### EXTRACTED INFORMATION
*** Block opens ***

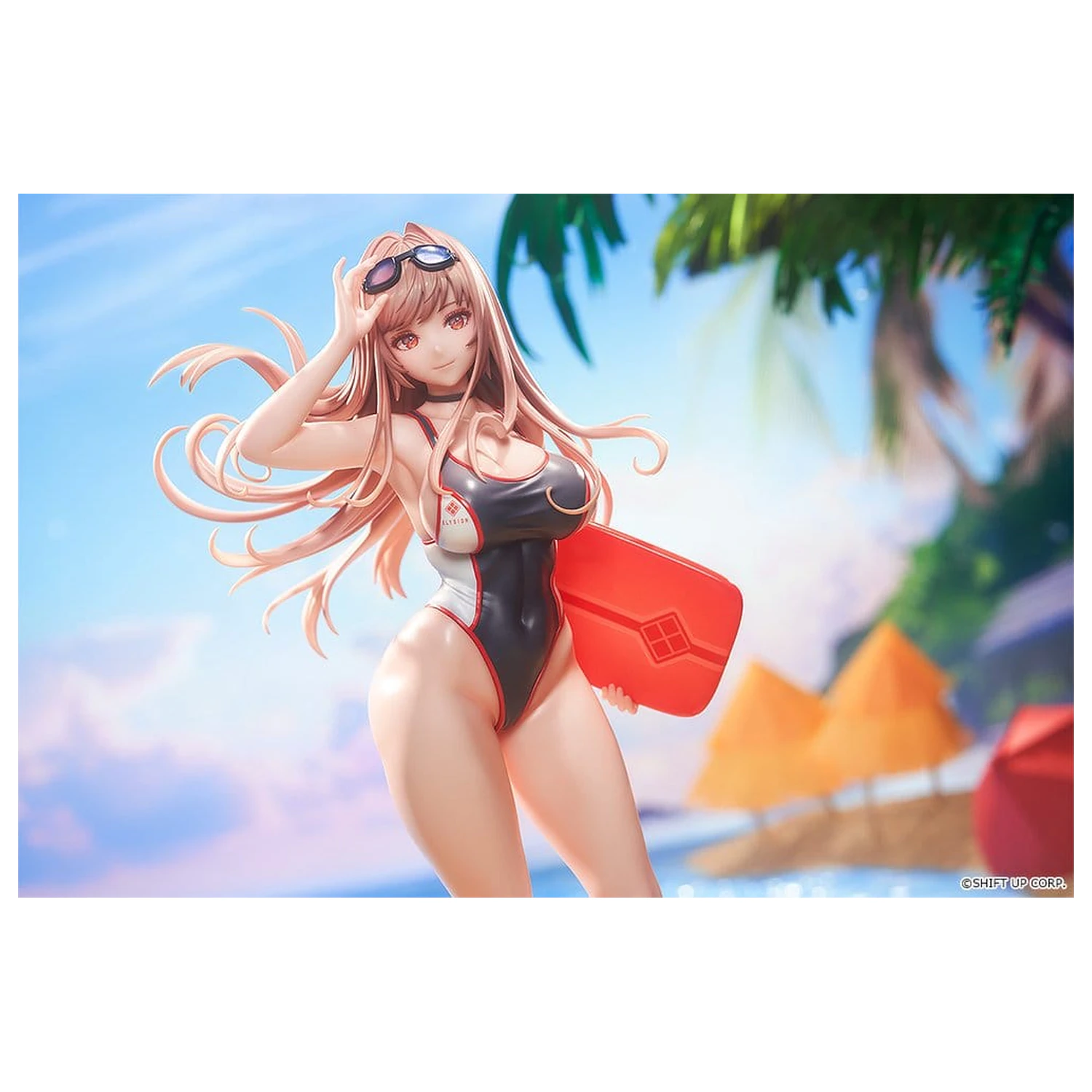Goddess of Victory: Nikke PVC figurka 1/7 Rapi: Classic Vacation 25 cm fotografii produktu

*** Block closes ***
*** Block opens ***

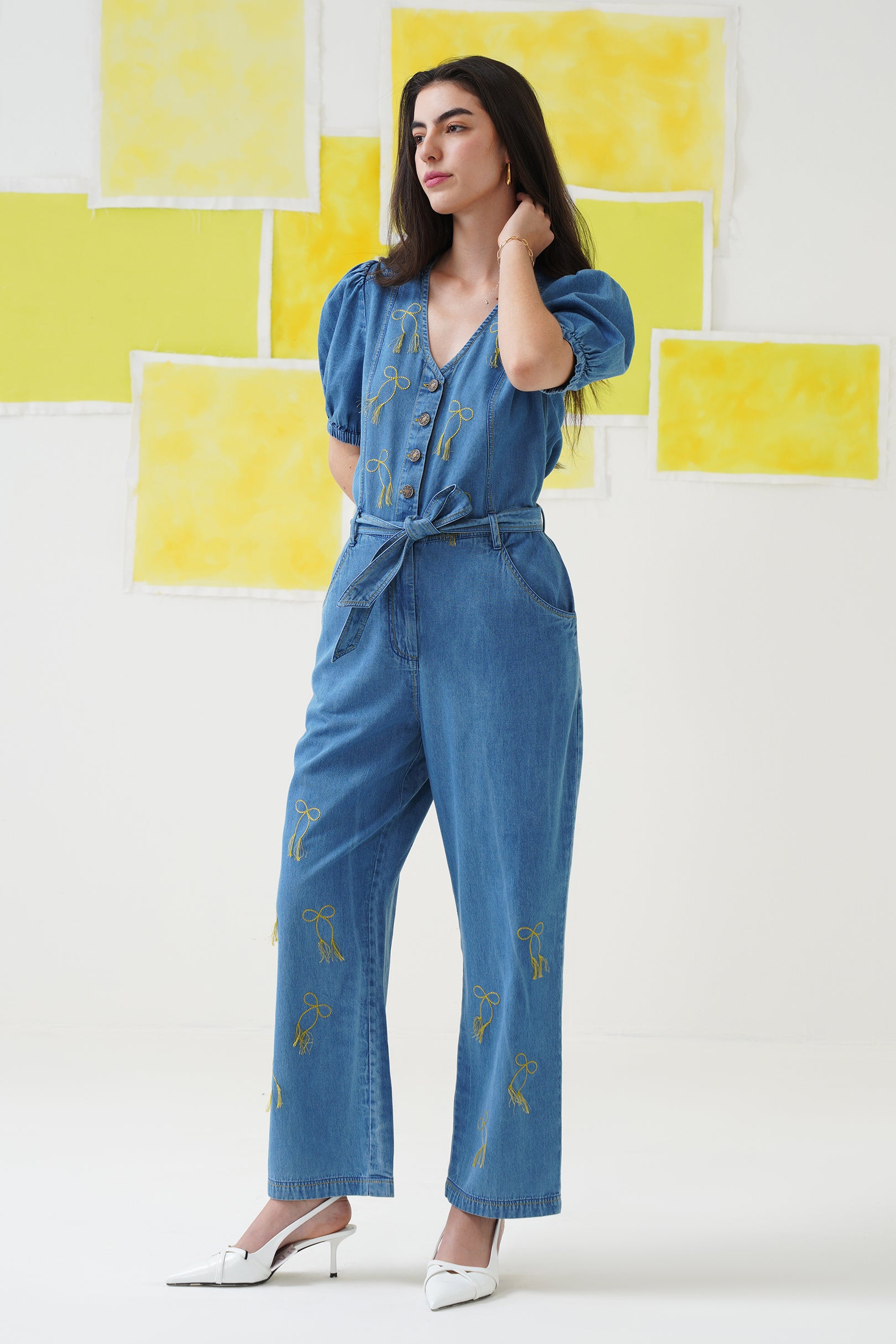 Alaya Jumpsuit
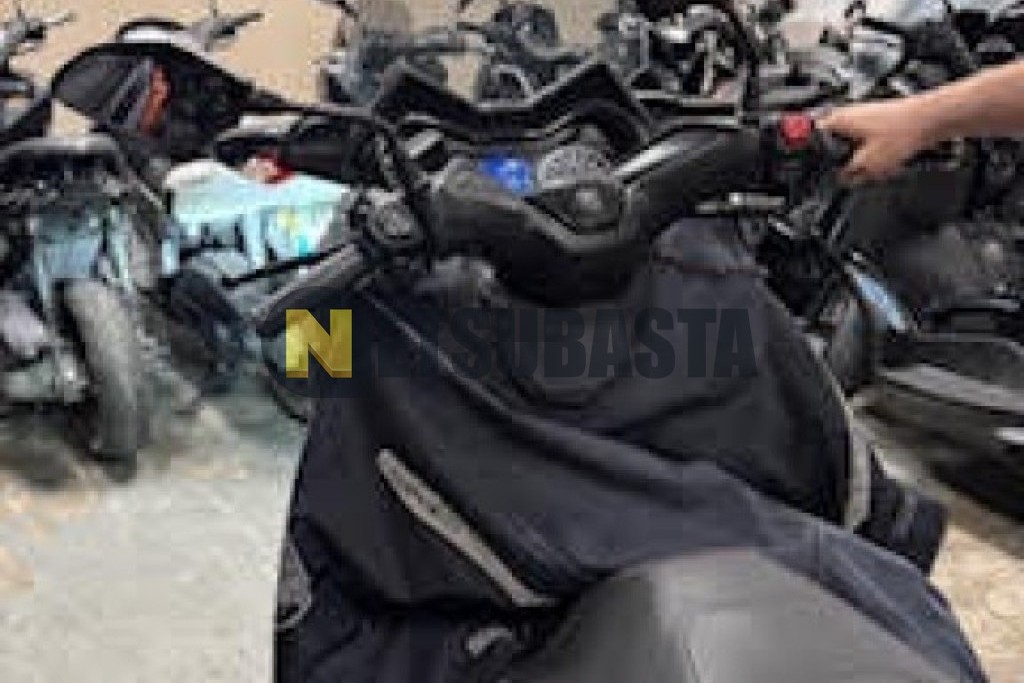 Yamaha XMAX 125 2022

*** Block closes ***
*** Block opens ***

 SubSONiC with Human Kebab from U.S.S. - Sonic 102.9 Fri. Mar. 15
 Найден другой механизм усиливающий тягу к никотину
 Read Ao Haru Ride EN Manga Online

*** Block closes ***

### TASK ITEM
Restate word for word the lines of the data above, starting at the line containing "SubSONiC with Human" and ending at the line containing "Read Ao Haru Ride EN Manga Online", both included, and nothing more.

### EXPECTED OUTPUT
 SubSONiC with Human Kebab from U.S.S. - Sonic 102.9 Fri. Mar. 15
 Найден другой механизм усиливающий тягу к никотину
 Read Ao Haru Ride EN Manga Online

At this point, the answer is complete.